◆ How to complete this task
Would you return the lines between the one holding "Step 5: Gluing" and the one holding "A bathroom with", inclusive, and only those, exactly as they stand in the listing below?
= = =
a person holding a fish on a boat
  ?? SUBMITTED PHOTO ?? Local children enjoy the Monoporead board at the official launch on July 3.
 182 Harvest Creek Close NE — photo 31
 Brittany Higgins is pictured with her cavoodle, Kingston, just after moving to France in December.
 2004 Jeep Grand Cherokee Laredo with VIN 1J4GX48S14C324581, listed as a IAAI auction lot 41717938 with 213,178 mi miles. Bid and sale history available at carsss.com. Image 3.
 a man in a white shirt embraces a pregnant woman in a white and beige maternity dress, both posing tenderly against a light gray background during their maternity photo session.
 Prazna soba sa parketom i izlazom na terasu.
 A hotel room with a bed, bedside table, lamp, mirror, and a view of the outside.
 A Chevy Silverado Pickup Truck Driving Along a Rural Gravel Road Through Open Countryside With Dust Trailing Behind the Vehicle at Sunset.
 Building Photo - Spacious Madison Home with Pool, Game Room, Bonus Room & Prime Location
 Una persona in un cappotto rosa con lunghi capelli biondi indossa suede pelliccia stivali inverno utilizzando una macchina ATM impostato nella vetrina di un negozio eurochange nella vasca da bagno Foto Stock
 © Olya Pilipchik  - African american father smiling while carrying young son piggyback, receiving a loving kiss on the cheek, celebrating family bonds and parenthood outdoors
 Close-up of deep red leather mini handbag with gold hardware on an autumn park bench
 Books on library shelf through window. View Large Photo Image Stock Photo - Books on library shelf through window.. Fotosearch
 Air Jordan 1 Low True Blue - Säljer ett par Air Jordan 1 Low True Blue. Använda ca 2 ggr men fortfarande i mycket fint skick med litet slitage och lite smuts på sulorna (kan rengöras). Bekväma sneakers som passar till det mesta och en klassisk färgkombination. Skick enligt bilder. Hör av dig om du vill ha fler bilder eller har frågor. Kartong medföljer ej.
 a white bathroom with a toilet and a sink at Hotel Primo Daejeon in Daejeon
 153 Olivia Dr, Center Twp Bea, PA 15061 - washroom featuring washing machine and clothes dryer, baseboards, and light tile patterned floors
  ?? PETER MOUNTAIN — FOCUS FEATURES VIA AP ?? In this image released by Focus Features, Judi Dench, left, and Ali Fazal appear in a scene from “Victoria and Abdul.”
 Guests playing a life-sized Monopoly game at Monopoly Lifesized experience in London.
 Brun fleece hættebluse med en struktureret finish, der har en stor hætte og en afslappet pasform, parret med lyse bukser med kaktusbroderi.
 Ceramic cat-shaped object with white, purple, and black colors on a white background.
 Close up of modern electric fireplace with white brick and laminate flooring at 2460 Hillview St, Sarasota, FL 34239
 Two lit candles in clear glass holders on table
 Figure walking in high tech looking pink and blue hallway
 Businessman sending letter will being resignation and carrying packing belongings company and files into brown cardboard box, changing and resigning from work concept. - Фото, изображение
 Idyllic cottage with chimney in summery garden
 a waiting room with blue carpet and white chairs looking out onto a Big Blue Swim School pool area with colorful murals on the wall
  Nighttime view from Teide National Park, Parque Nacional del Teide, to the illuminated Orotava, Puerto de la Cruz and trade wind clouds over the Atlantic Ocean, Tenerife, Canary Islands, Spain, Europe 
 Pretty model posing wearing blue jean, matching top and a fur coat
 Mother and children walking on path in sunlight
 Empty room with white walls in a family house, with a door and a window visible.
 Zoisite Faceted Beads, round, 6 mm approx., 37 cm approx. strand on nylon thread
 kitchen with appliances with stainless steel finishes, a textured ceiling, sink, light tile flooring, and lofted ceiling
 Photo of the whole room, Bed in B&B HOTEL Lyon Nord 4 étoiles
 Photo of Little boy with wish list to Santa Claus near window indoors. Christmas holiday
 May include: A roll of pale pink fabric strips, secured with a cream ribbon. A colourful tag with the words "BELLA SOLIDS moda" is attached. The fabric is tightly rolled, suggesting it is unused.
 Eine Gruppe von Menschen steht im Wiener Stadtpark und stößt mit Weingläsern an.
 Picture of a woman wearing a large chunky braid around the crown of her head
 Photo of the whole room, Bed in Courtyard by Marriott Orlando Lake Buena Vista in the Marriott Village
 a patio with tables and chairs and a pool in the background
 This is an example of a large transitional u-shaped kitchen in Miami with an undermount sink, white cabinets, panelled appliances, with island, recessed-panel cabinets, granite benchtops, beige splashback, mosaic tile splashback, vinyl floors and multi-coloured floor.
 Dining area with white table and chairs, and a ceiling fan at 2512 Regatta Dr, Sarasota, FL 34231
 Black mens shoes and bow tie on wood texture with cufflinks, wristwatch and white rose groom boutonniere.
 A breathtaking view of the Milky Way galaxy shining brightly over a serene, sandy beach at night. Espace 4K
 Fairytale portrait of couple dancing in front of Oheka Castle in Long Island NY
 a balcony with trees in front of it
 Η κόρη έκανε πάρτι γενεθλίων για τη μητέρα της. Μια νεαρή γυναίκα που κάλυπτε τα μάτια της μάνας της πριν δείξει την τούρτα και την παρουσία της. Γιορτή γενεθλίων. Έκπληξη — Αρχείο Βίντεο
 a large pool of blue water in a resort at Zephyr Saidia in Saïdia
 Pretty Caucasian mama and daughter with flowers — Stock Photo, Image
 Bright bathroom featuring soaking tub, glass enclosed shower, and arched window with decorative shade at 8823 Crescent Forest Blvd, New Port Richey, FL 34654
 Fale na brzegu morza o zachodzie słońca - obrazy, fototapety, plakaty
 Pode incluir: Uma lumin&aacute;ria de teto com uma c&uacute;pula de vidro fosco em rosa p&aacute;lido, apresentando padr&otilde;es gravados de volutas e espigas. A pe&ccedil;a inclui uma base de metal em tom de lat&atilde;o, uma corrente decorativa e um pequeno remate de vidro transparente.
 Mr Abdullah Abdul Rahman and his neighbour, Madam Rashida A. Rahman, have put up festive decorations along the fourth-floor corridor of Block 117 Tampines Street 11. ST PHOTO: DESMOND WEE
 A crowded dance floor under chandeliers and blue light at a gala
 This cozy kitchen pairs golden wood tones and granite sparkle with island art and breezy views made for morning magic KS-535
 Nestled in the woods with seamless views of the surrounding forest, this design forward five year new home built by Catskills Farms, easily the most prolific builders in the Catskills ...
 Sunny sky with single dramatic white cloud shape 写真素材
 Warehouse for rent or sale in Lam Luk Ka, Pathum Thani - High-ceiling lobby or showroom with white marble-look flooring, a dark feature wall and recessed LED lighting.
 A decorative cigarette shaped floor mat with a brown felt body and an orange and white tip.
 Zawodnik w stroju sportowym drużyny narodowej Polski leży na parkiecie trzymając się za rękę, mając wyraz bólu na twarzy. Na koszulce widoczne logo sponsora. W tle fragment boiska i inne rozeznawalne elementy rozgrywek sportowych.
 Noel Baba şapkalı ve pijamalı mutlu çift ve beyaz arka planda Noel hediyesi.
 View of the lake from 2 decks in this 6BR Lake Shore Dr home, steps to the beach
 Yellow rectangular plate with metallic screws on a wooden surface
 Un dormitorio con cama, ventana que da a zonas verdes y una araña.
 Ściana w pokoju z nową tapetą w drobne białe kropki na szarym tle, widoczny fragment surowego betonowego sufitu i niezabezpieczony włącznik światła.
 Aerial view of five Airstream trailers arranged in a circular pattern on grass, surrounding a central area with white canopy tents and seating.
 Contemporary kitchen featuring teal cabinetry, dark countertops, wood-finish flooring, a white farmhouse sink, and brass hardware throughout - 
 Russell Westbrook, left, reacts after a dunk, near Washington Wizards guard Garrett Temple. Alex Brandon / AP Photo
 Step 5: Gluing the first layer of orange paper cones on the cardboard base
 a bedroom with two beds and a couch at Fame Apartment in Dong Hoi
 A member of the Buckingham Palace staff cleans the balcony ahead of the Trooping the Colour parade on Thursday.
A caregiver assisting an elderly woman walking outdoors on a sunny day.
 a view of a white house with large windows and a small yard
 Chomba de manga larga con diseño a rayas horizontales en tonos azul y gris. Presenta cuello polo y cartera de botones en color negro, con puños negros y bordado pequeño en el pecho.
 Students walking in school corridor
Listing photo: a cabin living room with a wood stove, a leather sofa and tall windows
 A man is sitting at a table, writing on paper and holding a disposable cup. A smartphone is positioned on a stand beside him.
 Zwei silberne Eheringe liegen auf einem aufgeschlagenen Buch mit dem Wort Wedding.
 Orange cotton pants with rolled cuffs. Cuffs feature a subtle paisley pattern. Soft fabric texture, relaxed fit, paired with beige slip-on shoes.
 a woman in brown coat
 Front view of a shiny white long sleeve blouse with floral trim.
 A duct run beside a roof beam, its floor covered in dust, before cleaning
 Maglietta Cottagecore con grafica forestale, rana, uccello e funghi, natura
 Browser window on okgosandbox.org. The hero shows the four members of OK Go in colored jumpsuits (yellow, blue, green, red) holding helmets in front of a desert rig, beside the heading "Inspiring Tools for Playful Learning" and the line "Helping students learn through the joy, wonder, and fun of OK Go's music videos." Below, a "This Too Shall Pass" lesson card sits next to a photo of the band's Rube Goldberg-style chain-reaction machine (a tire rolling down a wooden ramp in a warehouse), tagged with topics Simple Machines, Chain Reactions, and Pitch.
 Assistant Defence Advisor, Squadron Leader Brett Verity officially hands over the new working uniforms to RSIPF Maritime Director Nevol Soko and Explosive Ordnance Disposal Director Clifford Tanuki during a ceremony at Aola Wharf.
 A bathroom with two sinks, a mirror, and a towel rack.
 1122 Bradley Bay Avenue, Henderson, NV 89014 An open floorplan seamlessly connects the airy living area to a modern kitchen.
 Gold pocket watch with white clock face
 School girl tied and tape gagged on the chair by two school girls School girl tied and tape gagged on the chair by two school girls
= = =
◆ Exercise result
 Step 5: Gluing the first layer of orange paper cones on the cardboard base
 a bedroom with two beds and a couch at Fame Apartment in Dong Hoi
 A member of the Buckingham Palace staff cleans the balcony ahead of the Trooping the Colour parade on Thursday.
A caregiver assisting an elderly woman walking outdoors on a sunny day.
 a view of a white house with large windows and a small yard
 Chomba de manga larga con diseño a rayas horizontales en tonos azul y gris. Presenta cuello polo y cartera de botones en color negro, con puños negros y bordado pequeño en el pecho.
 Students walking in school corridor
Listing photo: a cabin living room with a wood stove, a leather sofa and tall windows
 A man is sitting at a table, writing on paper and holding a disposable cup. A smartphone is positioned on a stand beside him.
 Zwei silberne Eheringe liegen auf einem aufgeschlagenen Buch mit dem Wort Wedding.
 Orange cotton pants with rolled cuffs. Cuffs feature a subtle paisley pattern. Soft fabric texture, relaxed fit, paired with beige slip-on shoes.
 a woman in brown coat
 Front view of a shiny white long sleeve blouse with floral trim.
 A duct run beside a roof beam, its floor covered in dust, before cleaning
 Maglietta Cottagecore con grafica forestale, rana, uccello e funghi, natura
 Browser window on okgosandbox.org. The hero shows the four members of OK Go in colored jumpsuits (yellow, blue, green, red) holding helmets in front of a desert rig, beside the heading "Inspiring Tools for Playful Learning" and the line "Helping students learn through the joy, wonder, and fun of OK Go's music videos." Below, a "This Too Shall Pass" lesson card sits next to a photo of the band's Rube Goldberg-style chain-reaction machine (a tire rolling down a wooden ramp in a warehouse), tagged with topics Simple Machines, Chain Reactions, and Pitch.
 Assistant Defence Advisor, Squadron Leader Brett Verity officially hands over the new working uniforms to RSIPF Maritime Director Nevol Soko and Explosive Ordnance Disposal Director Clifford Tanuki during a ceremony at Aola Wharf.
 A bathroom with two sinks, a mirror, and a towel rack.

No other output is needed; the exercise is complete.